Many Civil War buffs love to imagine alternative scenarios whereby the Confederacy won via this or that twist or turn in military fortunes or political intrigue. And it’s entirely credible to speculate that had Gettysburg or Vicksburg turned out differently, or had Stonewall Jackson not died, or had Lincoln not pursued a confrontation over Fort Sumter, or had George McClellan won the election of 1864, the southern states would have won their independence.
But for all the attention paid to dissension in the North, it’s often forgotten that the South did not pursue its war without extraordinary internal conflicts of its own. And in another valuable contribution to the January/February issue of the Washington Monthly, journalist and historian Colin Woodward argues that the very ideologies of white supremacy and state’s rights that make the Confederacy possible ultimately destroyed it from within:
Slaveholders were insulted when the government tried to force them to provide slaves to support the war effort or to join the army even if they felt they had more important things to do. Such policies—which grew more draconian as the South’s position deteriorated—“violated political, social, and other cultural imperatives and taboos.” This included “keeping government small and weak, extolling local and state sovereignty over that of a national government, and keeping black people firmly subordinated and strictly excluded from many spheres of life.” Planters refused to grow food for the army instead of cotton for profit. Critical fortifications were left unfinished because they refused to loan slaves to accomplish the task. Morale in Confederate ranks was eroded when well-connected plantation owners passed laws giving their families special exemptions from conscription.
Resistance to the war effort was especially intense in my home state of Georgia, cockpit of Sherman’s crucial and successful effort to cut the Confederacy in half and make the much-discussed battles in Virginia more or less a bloody mopping-up operation. Here’s how the New Georgia Encyclopedia describes the administration of Gov. Joseph E. Brown, the state’s chief executive throughout the war:
[T]he hallmark of his wartime administration was his resistance to the authority of the central Confederate government, a policy that was soon copied by some other Confederate governors and that helped to undermine the overall war effort. Governor Brown’s opposition surfaced in many fields. He opposed the army’s impressments of goods and especially slave laborers. He frustrated Confederate efforts to seize the Western and Atlantic Railroad and to impose occasional martial law. He bitterly criticized Confederate tax and blockade-running policies. Over time the war-weary legislature backed him more often, and influential politicians like Confederate vice president Alexander Stephens and former secretary of state Robert Toombs became his open allies as morale slumped in Georgia.
Yes, even the Confederacy’s vice president was a sullen war resister, along with his great rival Toombs, who with Brown had battled the unionist Stephens to ensure Georgia’s secession.

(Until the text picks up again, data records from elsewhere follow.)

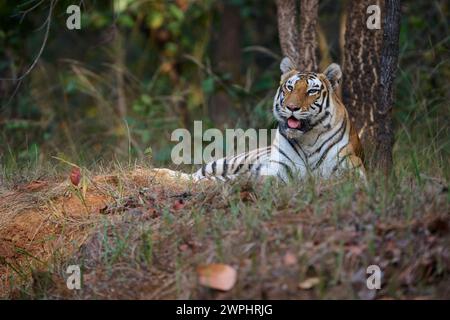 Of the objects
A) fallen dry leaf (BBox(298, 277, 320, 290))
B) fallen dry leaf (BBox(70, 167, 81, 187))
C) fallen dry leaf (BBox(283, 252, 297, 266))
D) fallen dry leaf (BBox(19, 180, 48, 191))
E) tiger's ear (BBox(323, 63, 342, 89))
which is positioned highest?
tiger's ear (BBox(323, 63, 342, 89))

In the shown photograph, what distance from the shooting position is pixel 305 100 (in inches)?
227

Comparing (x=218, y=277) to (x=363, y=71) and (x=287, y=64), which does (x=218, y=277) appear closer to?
(x=287, y=64)

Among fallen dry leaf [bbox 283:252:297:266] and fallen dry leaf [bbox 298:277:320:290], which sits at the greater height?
fallen dry leaf [bbox 283:252:297:266]

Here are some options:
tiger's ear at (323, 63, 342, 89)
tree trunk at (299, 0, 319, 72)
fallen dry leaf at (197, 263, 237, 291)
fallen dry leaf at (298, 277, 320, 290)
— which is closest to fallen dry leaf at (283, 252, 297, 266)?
fallen dry leaf at (298, 277, 320, 290)

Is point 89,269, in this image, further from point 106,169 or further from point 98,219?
point 106,169

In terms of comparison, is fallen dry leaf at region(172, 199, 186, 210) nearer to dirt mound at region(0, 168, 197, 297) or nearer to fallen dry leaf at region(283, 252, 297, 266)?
dirt mound at region(0, 168, 197, 297)

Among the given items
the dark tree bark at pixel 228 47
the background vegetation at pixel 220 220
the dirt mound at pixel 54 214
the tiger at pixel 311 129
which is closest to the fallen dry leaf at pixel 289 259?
the background vegetation at pixel 220 220

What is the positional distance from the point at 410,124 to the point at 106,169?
3.30 metres

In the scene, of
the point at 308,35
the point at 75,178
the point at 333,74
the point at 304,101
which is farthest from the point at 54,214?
the point at 308,35

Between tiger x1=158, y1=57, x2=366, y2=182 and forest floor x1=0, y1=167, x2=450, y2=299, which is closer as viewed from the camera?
forest floor x1=0, y1=167, x2=450, y2=299

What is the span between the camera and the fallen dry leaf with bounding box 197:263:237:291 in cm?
394

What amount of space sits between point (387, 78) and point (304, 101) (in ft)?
2.12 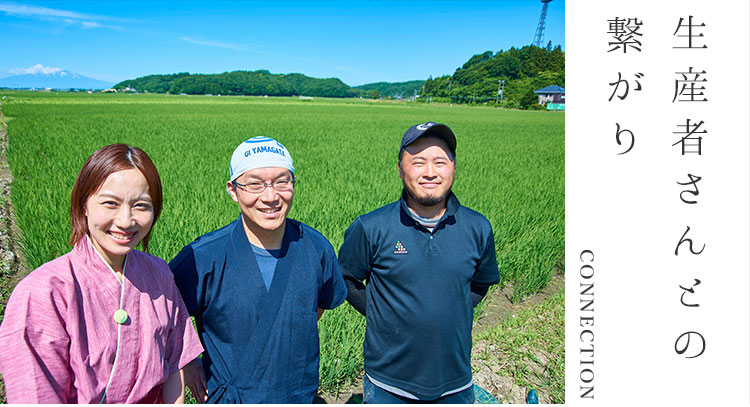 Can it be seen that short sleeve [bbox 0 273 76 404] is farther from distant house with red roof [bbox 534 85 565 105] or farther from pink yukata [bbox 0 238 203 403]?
distant house with red roof [bbox 534 85 565 105]

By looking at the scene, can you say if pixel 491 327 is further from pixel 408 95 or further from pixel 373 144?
pixel 408 95

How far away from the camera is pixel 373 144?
12.2 meters

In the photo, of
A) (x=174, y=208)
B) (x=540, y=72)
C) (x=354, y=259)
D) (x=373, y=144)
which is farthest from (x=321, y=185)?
(x=540, y=72)

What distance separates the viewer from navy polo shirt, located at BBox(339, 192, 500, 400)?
1.53m

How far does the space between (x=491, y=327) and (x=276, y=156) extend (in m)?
2.47

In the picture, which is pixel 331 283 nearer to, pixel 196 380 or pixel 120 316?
Answer: pixel 196 380

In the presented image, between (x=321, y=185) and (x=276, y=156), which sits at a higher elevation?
(x=276, y=156)

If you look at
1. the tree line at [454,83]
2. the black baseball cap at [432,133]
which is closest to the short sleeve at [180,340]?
the black baseball cap at [432,133]

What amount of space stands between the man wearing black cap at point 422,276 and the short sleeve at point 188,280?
59 centimetres

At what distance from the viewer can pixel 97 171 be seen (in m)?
1.08

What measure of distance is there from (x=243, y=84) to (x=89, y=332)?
116373 millimetres

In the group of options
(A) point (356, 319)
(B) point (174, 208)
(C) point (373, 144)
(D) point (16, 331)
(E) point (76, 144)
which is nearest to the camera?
(D) point (16, 331)

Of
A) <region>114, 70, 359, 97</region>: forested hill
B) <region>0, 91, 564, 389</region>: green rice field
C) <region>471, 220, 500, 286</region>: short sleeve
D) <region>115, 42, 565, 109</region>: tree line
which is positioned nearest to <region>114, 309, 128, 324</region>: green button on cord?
<region>471, 220, 500, 286</region>: short sleeve

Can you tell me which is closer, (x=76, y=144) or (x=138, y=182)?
(x=138, y=182) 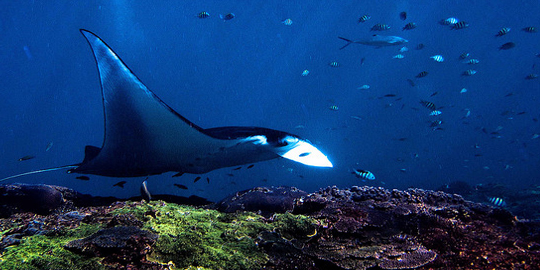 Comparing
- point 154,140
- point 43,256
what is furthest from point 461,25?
point 43,256

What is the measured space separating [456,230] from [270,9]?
39.9m

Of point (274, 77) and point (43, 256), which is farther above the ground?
point (274, 77)

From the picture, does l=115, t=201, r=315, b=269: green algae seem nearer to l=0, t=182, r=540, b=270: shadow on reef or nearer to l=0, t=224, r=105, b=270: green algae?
l=0, t=182, r=540, b=270: shadow on reef

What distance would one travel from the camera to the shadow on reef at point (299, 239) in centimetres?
173

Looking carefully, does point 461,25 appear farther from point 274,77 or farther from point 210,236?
point 274,77

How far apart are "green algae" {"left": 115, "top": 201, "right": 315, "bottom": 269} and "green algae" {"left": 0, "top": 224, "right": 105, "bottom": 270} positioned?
0.44 m

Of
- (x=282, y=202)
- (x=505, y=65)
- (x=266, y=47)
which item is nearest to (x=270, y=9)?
(x=266, y=47)

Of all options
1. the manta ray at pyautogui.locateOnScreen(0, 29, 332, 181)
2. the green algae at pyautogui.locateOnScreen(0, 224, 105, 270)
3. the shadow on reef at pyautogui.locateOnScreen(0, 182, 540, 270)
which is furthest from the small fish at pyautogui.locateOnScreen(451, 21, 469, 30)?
the green algae at pyautogui.locateOnScreen(0, 224, 105, 270)

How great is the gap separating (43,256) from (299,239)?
6.08 ft

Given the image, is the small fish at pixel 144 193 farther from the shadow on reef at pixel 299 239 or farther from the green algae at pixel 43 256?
the green algae at pixel 43 256

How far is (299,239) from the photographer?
7.00 feet

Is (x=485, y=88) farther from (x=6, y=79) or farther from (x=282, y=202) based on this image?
(x=6, y=79)

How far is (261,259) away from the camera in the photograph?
1.88m

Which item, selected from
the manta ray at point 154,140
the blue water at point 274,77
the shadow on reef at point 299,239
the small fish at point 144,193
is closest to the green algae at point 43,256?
the shadow on reef at point 299,239
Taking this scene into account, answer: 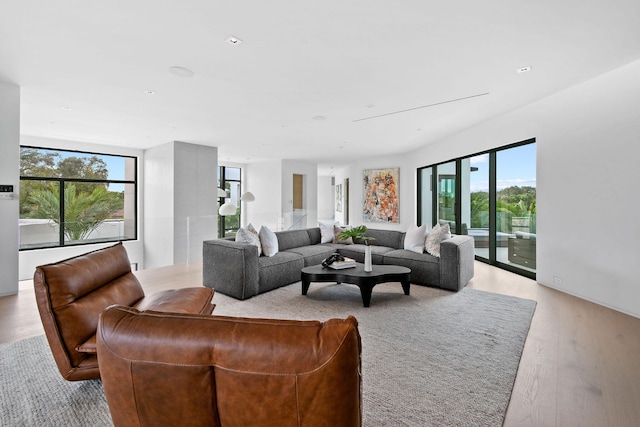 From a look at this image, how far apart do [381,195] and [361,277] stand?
6300mm

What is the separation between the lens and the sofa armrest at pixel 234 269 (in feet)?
12.9

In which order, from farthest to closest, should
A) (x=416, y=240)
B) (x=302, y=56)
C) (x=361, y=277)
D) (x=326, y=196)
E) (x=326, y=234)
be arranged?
1. (x=326, y=196)
2. (x=326, y=234)
3. (x=416, y=240)
4. (x=361, y=277)
5. (x=302, y=56)

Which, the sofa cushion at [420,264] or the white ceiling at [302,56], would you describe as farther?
the sofa cushion at [420,264]

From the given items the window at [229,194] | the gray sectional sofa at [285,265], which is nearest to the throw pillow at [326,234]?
the gray sectional sofa at [285,265]

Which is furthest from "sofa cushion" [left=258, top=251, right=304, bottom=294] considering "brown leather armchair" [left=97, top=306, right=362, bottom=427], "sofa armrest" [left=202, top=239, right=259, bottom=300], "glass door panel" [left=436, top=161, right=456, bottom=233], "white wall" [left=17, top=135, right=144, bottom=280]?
"white wall" [left=17, top=135, right=144, bottom=280]

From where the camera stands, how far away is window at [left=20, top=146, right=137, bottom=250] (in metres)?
6.72

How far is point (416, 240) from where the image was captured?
509 centimetres

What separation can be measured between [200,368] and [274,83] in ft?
11.8

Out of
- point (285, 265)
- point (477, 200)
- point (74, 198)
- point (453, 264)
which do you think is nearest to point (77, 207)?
point (74, 198)

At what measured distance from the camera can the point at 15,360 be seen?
2.43 metres

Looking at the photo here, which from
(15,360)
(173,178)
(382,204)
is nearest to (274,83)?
(15,360)

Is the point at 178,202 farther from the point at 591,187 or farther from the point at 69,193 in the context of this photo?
the point at 591,187

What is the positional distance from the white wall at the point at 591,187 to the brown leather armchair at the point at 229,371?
4144mm

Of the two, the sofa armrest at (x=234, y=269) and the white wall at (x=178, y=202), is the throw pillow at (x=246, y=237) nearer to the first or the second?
the sofa armrest at (x=234, y=269) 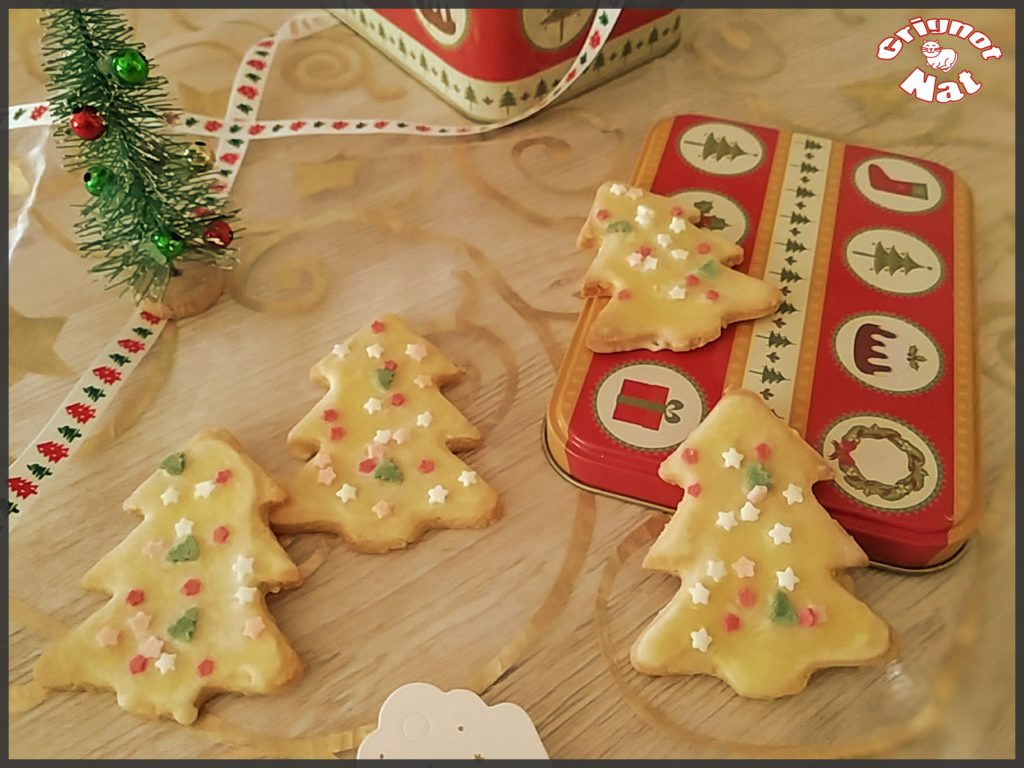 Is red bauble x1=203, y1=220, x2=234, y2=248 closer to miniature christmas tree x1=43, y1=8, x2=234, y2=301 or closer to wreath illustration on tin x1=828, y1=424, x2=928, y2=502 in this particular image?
miniature christmas tree x1=43, y1=8, x2=234, y2=301

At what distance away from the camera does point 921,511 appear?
591 millimetres

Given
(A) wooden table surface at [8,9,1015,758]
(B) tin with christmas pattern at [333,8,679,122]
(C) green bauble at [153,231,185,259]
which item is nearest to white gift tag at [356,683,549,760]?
(A) wooden table surface at [8,9,1015,758]

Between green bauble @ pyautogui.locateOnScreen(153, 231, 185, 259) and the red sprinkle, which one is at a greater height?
green bauble @ pyautogui.locateOnScreen(153, 231, 185, 259)

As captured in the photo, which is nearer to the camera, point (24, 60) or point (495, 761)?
point (495, 761)

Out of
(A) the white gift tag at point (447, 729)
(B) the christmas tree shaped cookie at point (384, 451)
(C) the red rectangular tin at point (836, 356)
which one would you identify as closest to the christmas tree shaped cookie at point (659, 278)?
(C) the red rectangular tin at point (836, 356)

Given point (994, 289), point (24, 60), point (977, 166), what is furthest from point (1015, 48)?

In many respects the Lost Cause was lost at every moment northern resolve denied the Confederacy an undeserved victory. Even Gone With the Wind, that great popularizer of anti-Reconstruction southern propaganda, was filled with portends of the Confederacy’s inevitable demise. And I’d like to think the same of today’s echoes of the battle to subject those people and to deny the nation a government capable of redeeming America’s common national purpose.